Abstract

Three cases have been presented in which an absent left pulmonary artery was demonstrated at post-mortem examination. The findings in three living patients, presumed to have an absent left pulmonary artery, are also briefly reported. The literature has been reviewed, and eleven cases of absent right or left pulmonary artery briefly commented upon. 1. 1. The principal anatomic features are as follows: 1.1. (a) Absence of the central or heart-end of the left pulmonary artery with persistence of a normal intrapulmonary portion. This anomaly has been associated with a variety of cardiac malformations. Both in our own series and those in the literature, there is a high incidence of an aortic arch on the side opposite to the absent pulmonary artery. However, at least two of our living cases show the arch and the apparently absent artery on the same side. 1.2. (b) An anomalous obliterated vessel running from the left innominate artery to the hilus of the left lung, continuous with patent, normally distributed, elastic intrapulmonary arteries.
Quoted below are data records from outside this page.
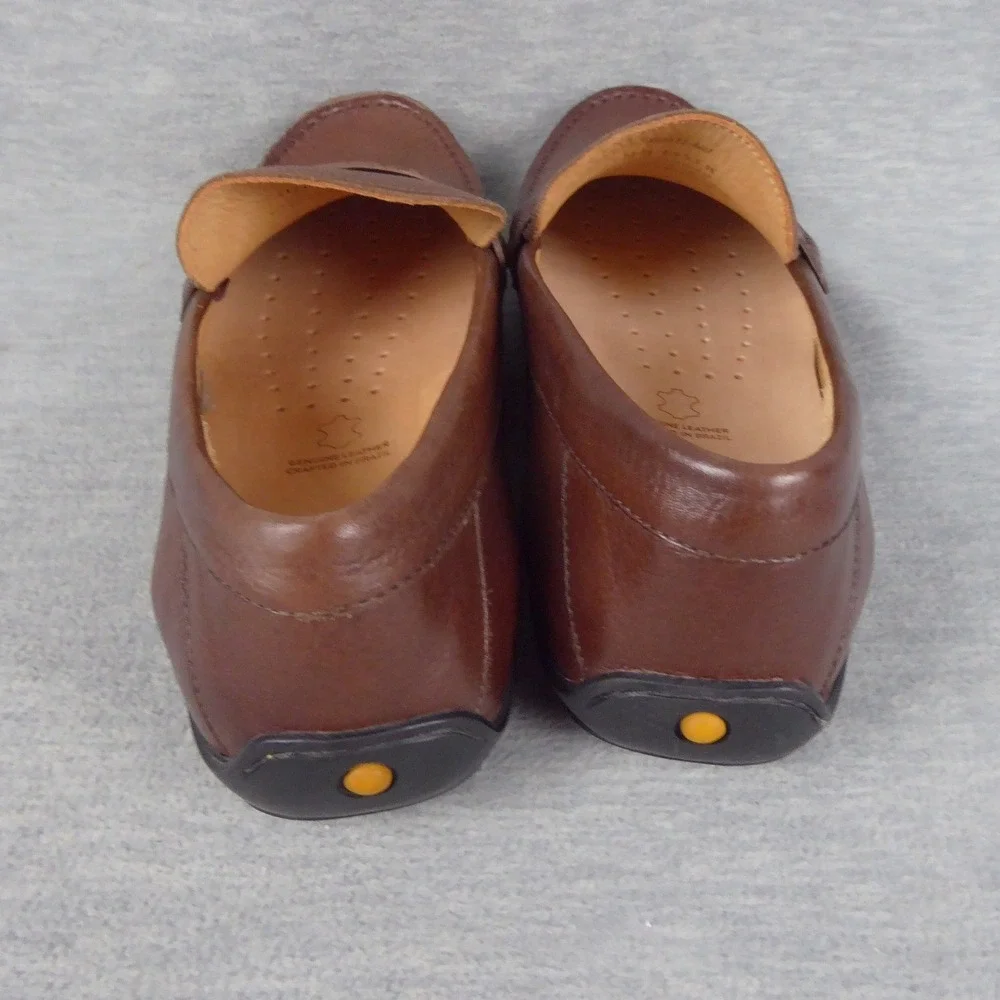 Samuel Hubbard Free Spirit Penny Loafers Mens 9.5W Brown Leather Shoes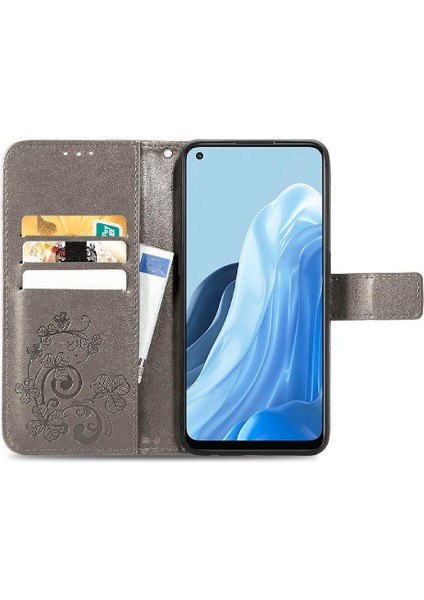 Oppo Case 7 5g Için Zarif Iş Çevirme Kapağı Dört Yapraklı Yonca (Yurt Dışından) modelleri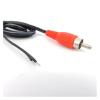 ACGTUY 3X 1.5m 2pin Car R/CA Male Red Black Audio Connector Plug Cable Av Single Video Extension Wire Lead DIY Repair Cord(3pcs White) view 4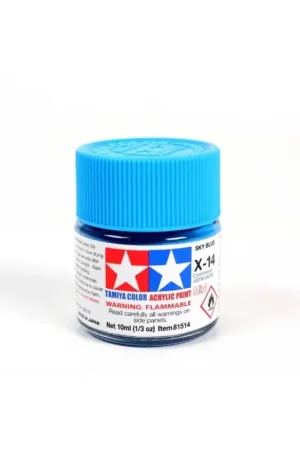 X-14 Sky blue 10ml Acrylverf Alleen Vandaag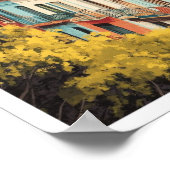 Buenos Aires Argentinien Jahrgang Reisevorführung Poster (Ecke)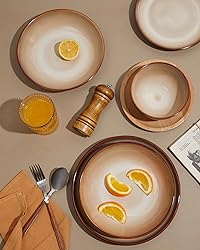 Pokini Stoneware Dinnerware Set Service for 4, 12
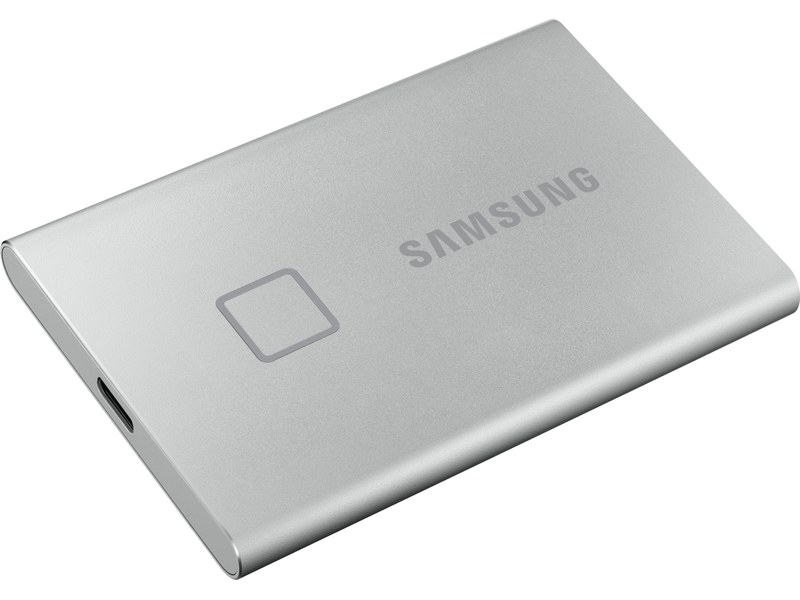 Samsung T7 Touch 500 Go Argent - SSD externe portable USB-C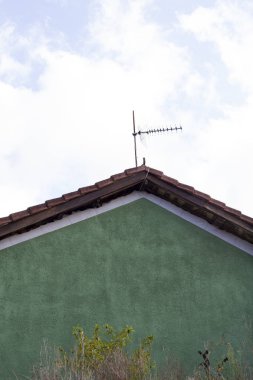 Vintage köy evi, gündüz görünümü 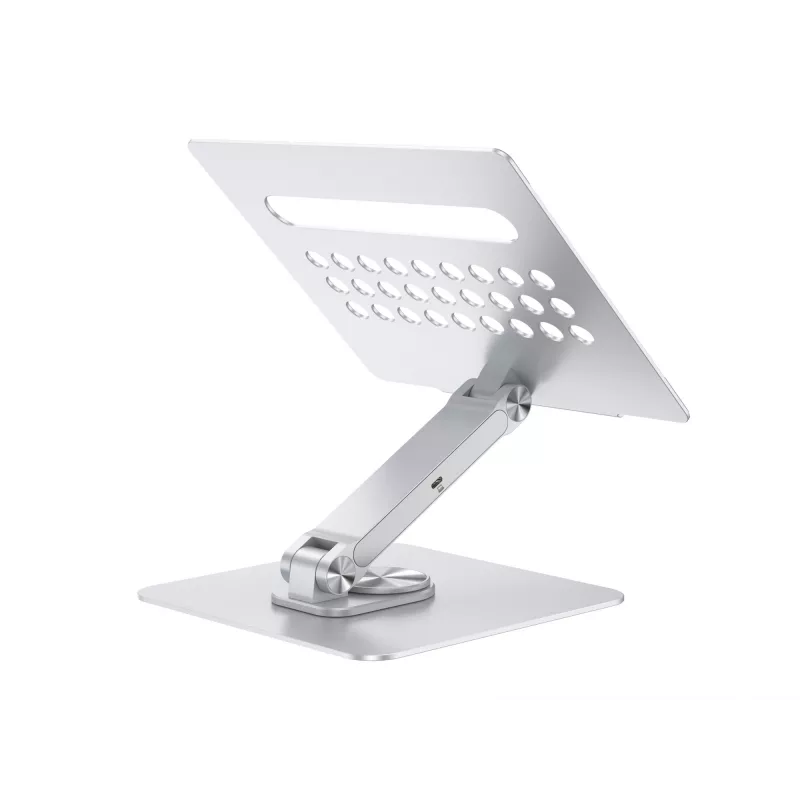 Conceptronic DONN27G, Podstawka pod laptopa, Srebrna, Aluminium, 360°, USB 3.2 Gen 1 (3.1 Gen 1) Typ-C, 5000 Mbit/s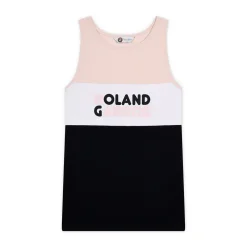 Roland-Garros T-shirts & Tank Tops|Color Block woman top - pink and navy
Evidence has been presented to show that the closed part of the vessel is an obliterated left ductus arteriosus. Almost certainly, the ductus portion may, on occasion, remain patent, as judged from the cases in the literature, whether there is an absent right or left pulmonary artery. 1.3. (c) A normally developed but small left lung, the size possibly secondary in part to the decreased blood flow. 2. 2. The embryologic aspects of the anomaly have been discussed. 3. 3. The physiologic and diagnostic aspects of absence of one or other branch of the pulmonary artery have been discussed and the importance of such absence in surgical operations involving occlusion of one branch of the pulmonary artery was emphasized.